I have attended Operative Millers’ Conventions and the conventions of all sorts of comparable organisations. In these the objective seems to be about 50-50 business and pleasure. The delegates do some work and hear well-worked-out papers, but they do not make a life-and-death matter of it. Then there are conventions such as those of the American Legion – primarily for fun, with the business angle supplanted by a political one. There are conventions such as those of some of the fraternal organisations – purely for fun.
But this Convention of ours does not fit into any of the above matrices.
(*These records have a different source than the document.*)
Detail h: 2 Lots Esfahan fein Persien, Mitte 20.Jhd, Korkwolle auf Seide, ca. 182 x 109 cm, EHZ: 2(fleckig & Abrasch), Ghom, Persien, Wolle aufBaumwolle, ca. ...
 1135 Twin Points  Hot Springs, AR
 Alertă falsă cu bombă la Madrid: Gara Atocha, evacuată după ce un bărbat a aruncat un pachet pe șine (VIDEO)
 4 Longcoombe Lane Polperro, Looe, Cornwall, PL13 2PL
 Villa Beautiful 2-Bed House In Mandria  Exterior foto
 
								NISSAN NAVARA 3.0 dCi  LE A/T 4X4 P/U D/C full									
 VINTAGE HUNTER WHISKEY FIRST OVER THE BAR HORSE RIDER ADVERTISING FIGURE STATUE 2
How many of us here today are on either salary or expense, except possibly as part of a vacation? How many of our employers would consider our attendance at this meeting a sound financial investment? The editors of the professional magazines should be here on business – but I wonder if those who are here are not paying at least part of their own expenses. Allied tradesmen – firms who sell supplies to the industry or group sponsoring the convention – send representatives to it as a matter of course – these are not only on salary and expense, but spend money freely entertaining actual or prospective customers in various fashions. But how many allied traders are here?
We are here partially to renew old friendships and to form new ones, of course. We wish - we need – to have materialised in the flesh those personalities we have known only as names upon the printed page or as signatures upon letters. But these reasons alone are insufficient. No fan, however rabid or hardy, would make the sacrifice inherent in a round trip of thousands of miles merely to enlarge his circle of acquaintances; nor would he do so for two days of pleasure. What, then, is the driving force behind, the fundamental reason for being, of this convention?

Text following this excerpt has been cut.